Con l’attuazione delle disposizioni dei Trattati, l’Unione sarebbe divenuta l’espressione di una collettività di circa cinquecento milioni di abitanti che, per popolazione, si sarebbe collocata nel mondo al terzo posto dopo la Cina e l’India (sarebbe stata per ricchezza pari agli Stati Uniti). Invece il Patto di stabilità e crescita ha imposto agli Stati membri, con efficacia retroattiva, l’obbligatoria parità del bilancio a medio termine.

Il Patto non ha consentito di produrre alcun sviluppo e le statistiche relative all’andamento del Pil nei tre principali Paesi dell’Eurozona lo hanno palesato con i loro bassi tassi di crescita. Con l’obbligo della parità del bilancio, in sostanza, gli Stati membri sono stati privati del potere di adottare ciascuno una propria politica economica e sono rimasti assoggettati a un obbligo, quello della parità del bilancio, fissato direttamente dal Regolamento e ‘impiccati’ a un percorso fissato Stato per Stato dalla Commissione, dal Consiglio e dal Comitato economico e sociale europei.

Dopo quindici anni di mancata applicazione dei Trattati, gli effetti prodotti dall’applicazione del Regolamento sono il numero dei disoccupati, i giovani ancora in cerca del primo lavoro, le piccole e medie imprese costrette a chiudere, le strutture private e pubbliche non completate, distrutte o in condizioni di degrado, i suicidi di imprenditori e lavoratori.È bene ricordare che il valore del tre per cento e del sessanta per cento del Pil, giuridicamente, non sono mai esistiti quali limiti all’indebitamento e al debito degli Stati membri; sono stati valori di riferimento che i Trattati hanno tenuto presenti nel regolare la materia del debito e dell’indebitamento, essendo la disciplina da applicarsi unicamente a quella dettata dall’articolo 104 del Trattato di Maastricht (oggi articolo 126) del Trattato di Lisbona.

Non esistendo più la possibilità in capo ai Governi di decidere autonomamente la propria politica economica, il Regolamento del’97 e quelli successivi hanno posto fine al regime democratico, di cui gli Stati europei rappresentavano la principale espressione al mondo, allo stesso vincolati da norme costituzionali interne, condizione necessaria per essere ammessi all’Unione e alla zona euro. E i titolari dei poteri di vertice – nazionali o europei – hanno lottato e lottano oggi per un potere di governo che non esiste. Con l’assegnazione autoritaria dei compiti, il Patto di stabilità e crescita ha colpito al cuore il progetto che i Paesi fondatori erano riusciti a mettere a punto. Adesso è necessario che l’Unione europea punti all’unione politica, perché in questo modo la garanzia del debito è data dalla capacità di produrre crescita, espressa dal sistema nel suo insieme.

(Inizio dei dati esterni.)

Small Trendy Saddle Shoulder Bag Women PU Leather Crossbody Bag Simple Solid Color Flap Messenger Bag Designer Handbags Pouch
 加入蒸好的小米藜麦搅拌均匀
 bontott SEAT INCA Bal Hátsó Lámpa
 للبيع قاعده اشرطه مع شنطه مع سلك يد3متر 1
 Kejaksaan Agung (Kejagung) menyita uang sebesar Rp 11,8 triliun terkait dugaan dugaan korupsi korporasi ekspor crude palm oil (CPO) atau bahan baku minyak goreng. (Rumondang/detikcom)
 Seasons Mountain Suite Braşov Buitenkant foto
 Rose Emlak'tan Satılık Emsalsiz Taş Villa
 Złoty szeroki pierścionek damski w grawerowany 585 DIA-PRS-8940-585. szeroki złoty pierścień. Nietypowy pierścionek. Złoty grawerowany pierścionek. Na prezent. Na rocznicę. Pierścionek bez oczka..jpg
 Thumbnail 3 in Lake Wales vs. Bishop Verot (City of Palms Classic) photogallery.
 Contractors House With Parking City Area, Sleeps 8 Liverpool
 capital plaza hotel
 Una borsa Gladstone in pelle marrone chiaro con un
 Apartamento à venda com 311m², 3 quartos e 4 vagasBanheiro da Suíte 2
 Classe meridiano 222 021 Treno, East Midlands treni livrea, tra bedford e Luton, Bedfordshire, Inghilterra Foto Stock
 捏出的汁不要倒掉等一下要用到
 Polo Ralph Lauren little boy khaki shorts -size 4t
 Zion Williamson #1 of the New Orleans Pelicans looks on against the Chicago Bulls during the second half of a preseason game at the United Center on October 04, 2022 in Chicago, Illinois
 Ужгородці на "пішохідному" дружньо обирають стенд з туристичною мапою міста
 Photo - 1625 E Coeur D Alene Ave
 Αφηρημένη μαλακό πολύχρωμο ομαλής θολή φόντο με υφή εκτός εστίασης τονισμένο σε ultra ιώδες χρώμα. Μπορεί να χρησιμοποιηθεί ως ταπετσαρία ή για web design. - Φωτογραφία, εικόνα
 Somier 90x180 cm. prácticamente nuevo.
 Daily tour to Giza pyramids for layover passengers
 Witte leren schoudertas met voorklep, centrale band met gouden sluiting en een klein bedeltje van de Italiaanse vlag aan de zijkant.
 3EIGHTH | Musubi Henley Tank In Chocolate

È opportuno ricordare che gli Stati americani confederati, all’atto di diventare una Federazione, avevano un debito elevato e proprio la Federazione estese il suo dominio ad aree vastissime. Anche l’Unione europea contiene aree che potrebbero essere valorizzate, mentre oggi il territorio è colmo di macerie e le capacità produttive, nel complesso, sono sottoutilizzate. In sintesi, il governo politico dell’Unione europea avrebbe mezzi e strumenti per avviare un processo virtuoso di sviluppo.